AIM OF THE TASK:
Pictures excluded, return the lines below from the first through the line holding "A bright white bar area with red stools.".

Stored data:
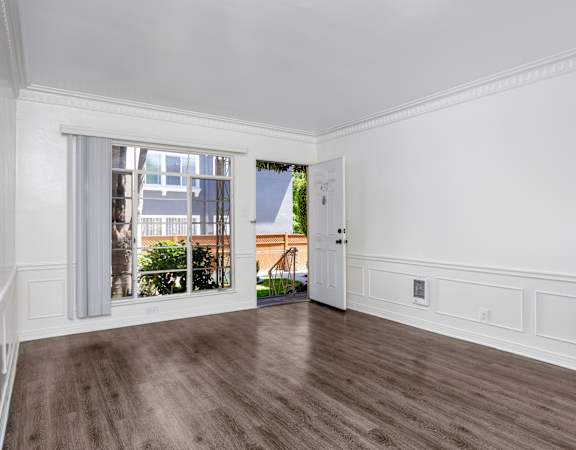 an empty living room with a large window and wood floors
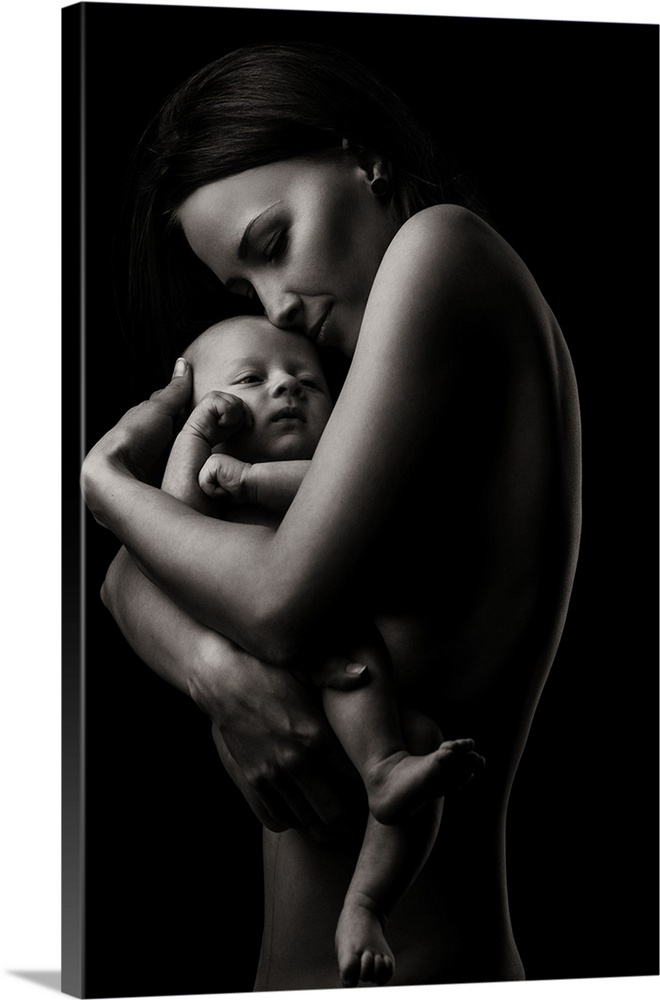 A fine art photograph of a woman holding her infant child lovingly.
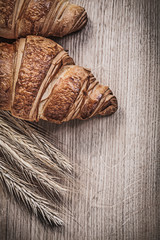 Composition of golden wheat rye ears sweet croissants on wooden 
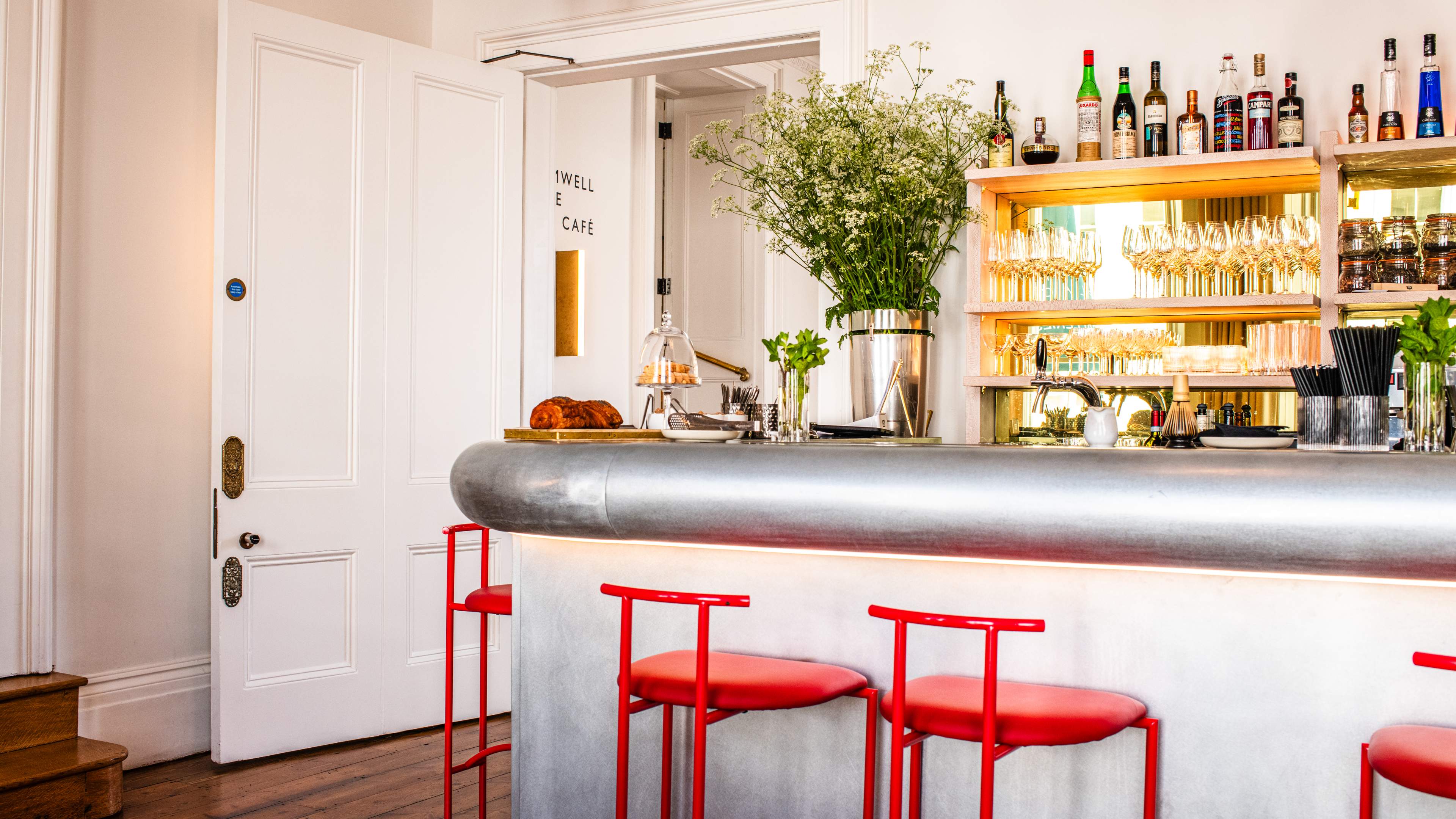 A bright white bar area with red stools.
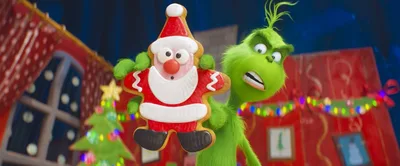 Bishop plays Grinch, tells Massgoers Coca Cola created Santa Clause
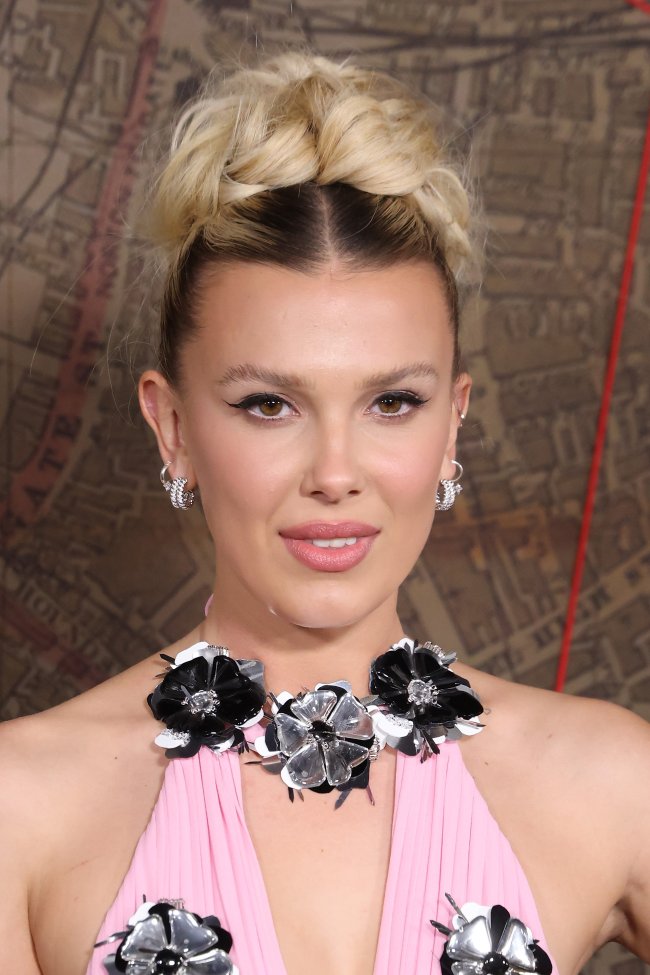 millie-bobby-brown-na-premiere-de-enola-holmes-2 Foto com close no rosto da atriz Millie Bobby Brown na première de seu novo filme 'Enola Holmes 2'. Ela está com um coque fofo, maquiagem simples com delineado e acessórios pratas. Ela olha para frente e sorri levemente.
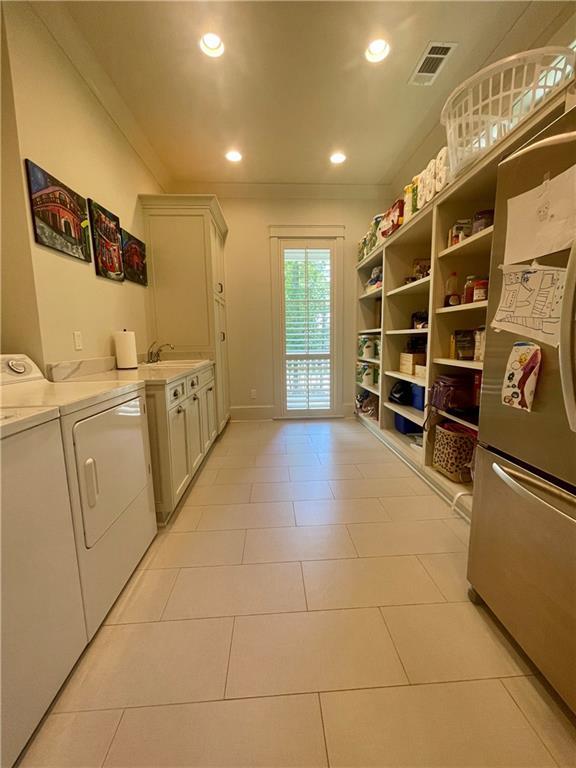 607 E 3rd Ave, Covington, LA 70433 - laundry area with washing machine and clothes dryer, ornamental molding, recessed lighting, light tile patterned flooring, and baseboards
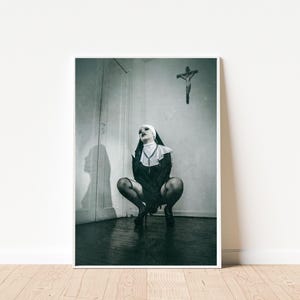 Può includere: Stampa incorniciata in bianco e nero raffigurante una persona in abito da suora, inginocchiata. Un crocifisso è appeso al muro. L'immagine ha un'estetica drammatica e ad alto contrasto.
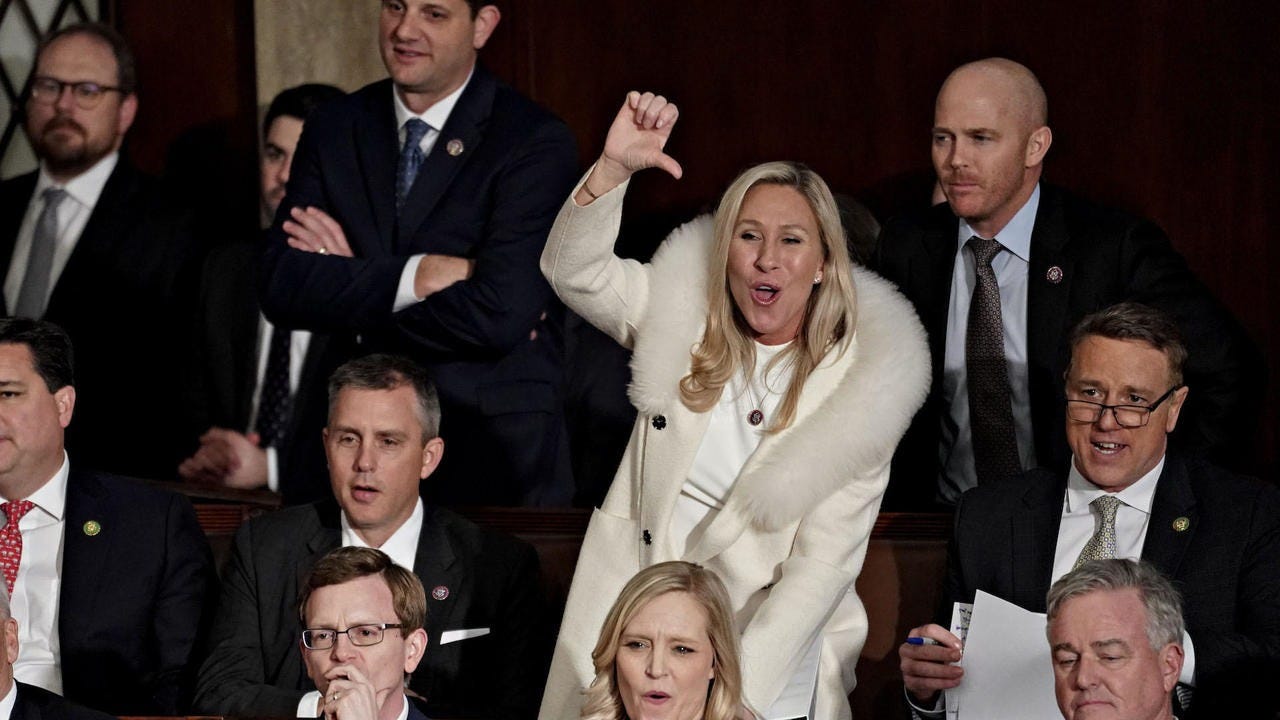 Marjorie Taylor Greene shouts "liar" at Biden during State of the Union  address - CBS News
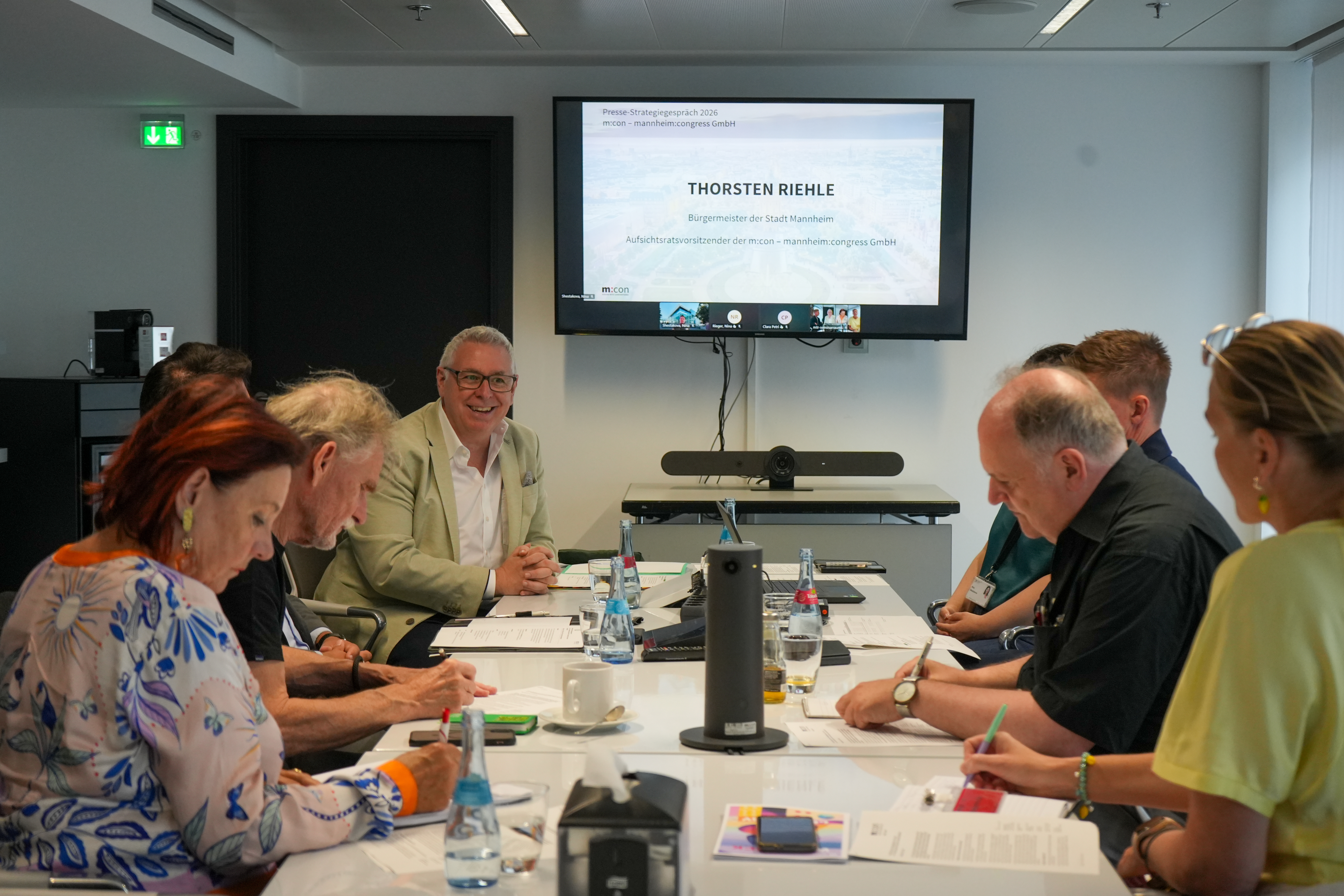 Männer und Frauen sitzen an einem Tisch bei einer Präsentation mit einem Bildschirm im Hintergrund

TASK RESPONSE:
 an empty living room with a large window and wood floors
 A fine art photograph of a woman holding her infant child lovingly.
 Composition of golden wheat rye ears sweet croissants on wooden 
 A bright white bar area with red stools.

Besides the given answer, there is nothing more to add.